Partant d’une réflexion sur les États-Unis où les inégalités sociales, la faiblesse de la société civile au niveau fédéral, la puissance des intérêts particuliers, l’auteur, qui n’est pas particulièrement un néo-conservateur, mais plutôt un libéral, tendance gauche, dresse un tableau saisissant de ce qu’il appelle l’État profond. Il décompose le processus historique où les pouvoirs secrets verticaux se sont emparés de la conduite de l’action publique, et où la prise de décision politique à huis clos accorde la priorité à la sécurité et à la préservation d’intérêts privés particulièrement ceux des exportateurs d’armements et des firmes pétrolières.

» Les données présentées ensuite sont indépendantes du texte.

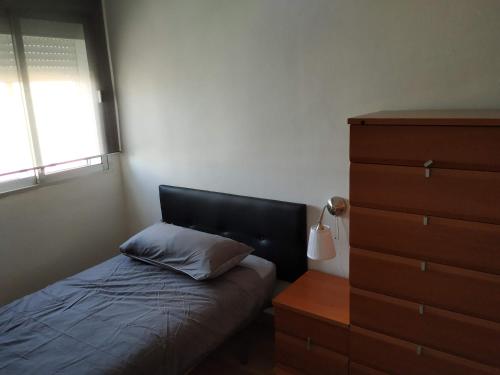 Giường trong phòng chung tại Apartamento TISARET wifi 47-112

Son analyse est particulièrement pertinente et convaincante dans sa description de la politique du trio Nixon-Kissinger-Rockefeller, censée contrer les progressistes et qui a conduit à renforcer les mouvements réactionnaires islamistes, mais aussi à soutenir les intérêts des pétroliers. Il met en évidence le rôle de Nixon ou plutôt sa paranoïa dans la dégradation du processus bureaucratique et démocratique de mise en œuvre de la politique et dans l’amplification du pouvoir secret. En passant il faut noter une analyse intéressante du Watergate.
À ce stade apparaît le couple diabolique, aux yeux de l’auteur, Cheney-Rumsfeld et son implication dans la planification du projet ultrasecret de Continuité du Gouvernement (COG) qui cacherait, selon l’auteur, un programme de prise de pouvoir illégal et dont il traite longuement à propos du déroulement des événements du 11 septembre pour expliquer certaines incohérences dans la version officielle.
Il continue sa démonstration avec Ford-Rumsfeld-Cheney, le virage vers le conservatisme et le début de l’envol des budgets de défense. On parle de la BCCI. Puis l’ère Carter-Brzezinski et l’Irangate. Enfin Reagan, Bush et le triomphe des neocons et du couple Cheney-Rumsfeld. Comment ils ont préparé le renversement de Saddam Hussein et comment ils doivent être considérés comme suspects dans le procès des responsables du 11 septembre.
En conclusion ce livre démêle les intrigues et l’écheveau d’imbrications et de liens, souvent occultes, entre tous les acteurs de ce théâtre d’ombres. On y parle beaucoup de la CIA, en particulier de la collusion historique entre la CIA et l’ISI pour le soutien à l’islamisme dur et aux trafiquants de drogue. Il décrit le long cheminement vers le 11/9. Plus largement ce livre critique le projet américain de domination mondiale, s’appuyant sur une machine de guerre hors de contrôle et dont la recherche d’ordre et de sécurité produit un désordre et une insécurité accrue. Il s’agit de comprendre comment nous sommes arrivés au désastre du nouveau désordre mondial.
Vous l’aurez compris ce livre est passionnant, particulièrement en ces temps de Wikileaks. Mais le lecteur armé de son sens critique ne manquera pas de relever le caractère partisan de cet ouvrage ; ce qui fait son charme, mais ce qui peut gêner surtout quand la thèse du complot émerge ici ou là.
À ces restrictions près, cet ouvrage étonne par son originalité et sa puissance d’analyse. Il devrait être un ouvrage de référence pour tous les défenseurs de l’État de droit et pour tous ceux qui s’intéressent à l’avenir de nos démocraties.